WHEN SOMEONE you love dies, you fall into a deep, sick kind of depression. If you have a strong support system of family and friends, you may be able to cope. If you don't, the grief can slowly kill you.
Kay Mundle "nearly lost it" when her five-year-old son Curtis Forsythe (Scotty) was killed by a gunman while he was standing at the intersection of North Street and Bond Street Kingston on April 5, Good Friday 1996. Three other persons were also shot.
Kay was four months pregnant at the time.
"On the night after it happened I said my God, it got to me bad, I told my friends not to leave me alone, because if they left I'd die too," she said in a phone interview.
"I didn't understand that I'd get through it, I realised that my head wasn't there, sometimes it hurts so badly, I don't think I've ever felt that torn."

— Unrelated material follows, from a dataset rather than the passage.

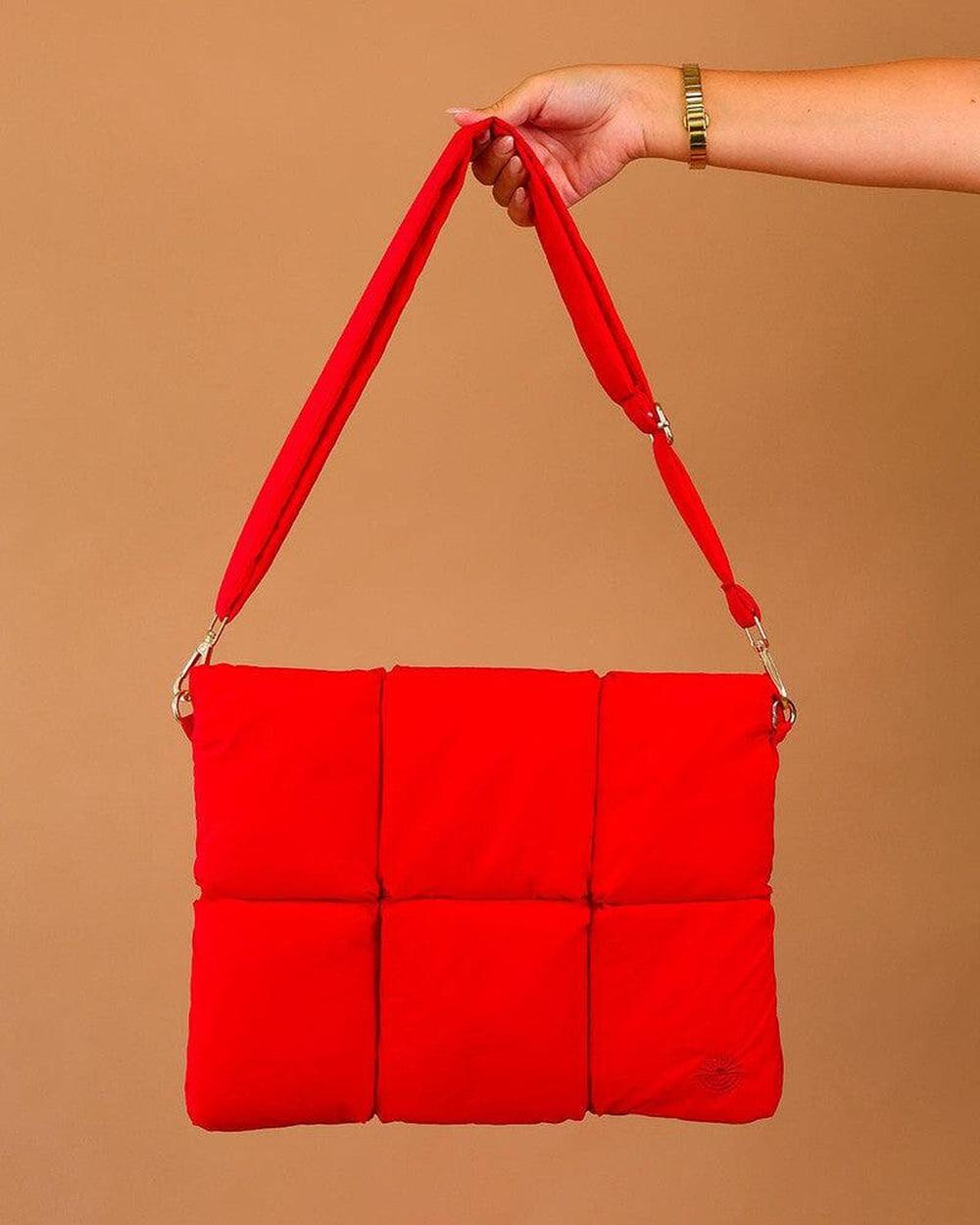 Cloud Carryall | Cherry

Her voice trembled as she struggled to remember the feelings that threatened to overwhelm her at the time. "Luckily, I had support from a lot of friends and family daily, minutely and nightly," she said. "Most asked how I took it, because even at the funeral I never broke down. But I wasn't keeping it for myself alone, but for my unborn daughter."
Six years later Kay says that she's tried to move on. She is a dressmaker and has left Bond Street in West Kingston to live in Mountain View. Her daughter Dunntey is five.
But it's hard to forget the little boy, whose personality she sees mirrored in her daughter.
"He never had a bad side," she said. "I just think about the good person he was."
A year after Scotty's death Kay "got saved". Today the 35-year-old is a devoted Christian who attends the Calvary Pentecostal Church of Christ.
She explained though that she almost gave up when Scotty was killed.
"I took it easy, even at the funeral people wondered how I never broke down," she said. "But the pain remained inside, I was breaking up and nobody knew, I always put the best on the outside".
She said that she held on for her daughter, affectionately called 'Baby Love', who Scotty named before he died. "He was very sensitive, I remember he always wanted a baby, a real baby to play with," she said. "He always asked me to buy him a little baby, I would explain to him that God sent them." She added: "When I got pregnant, I told him that I had a baby inside. Everyday after school he'd save five dollars to buy something for me and the baby. I know he'd take care of her if he was here."
Though the children's father Winston is no longer in the picture Kay has her faith to help her move on. "It hurts sometimes, especially when I see little boys his age, I have flashbacks and wonder if Scotty would have looked like that," she said. "On birthdays I remember him, at first I would go to his graveside, nowadays, I just note how old he'd be and what he would be doing at this age."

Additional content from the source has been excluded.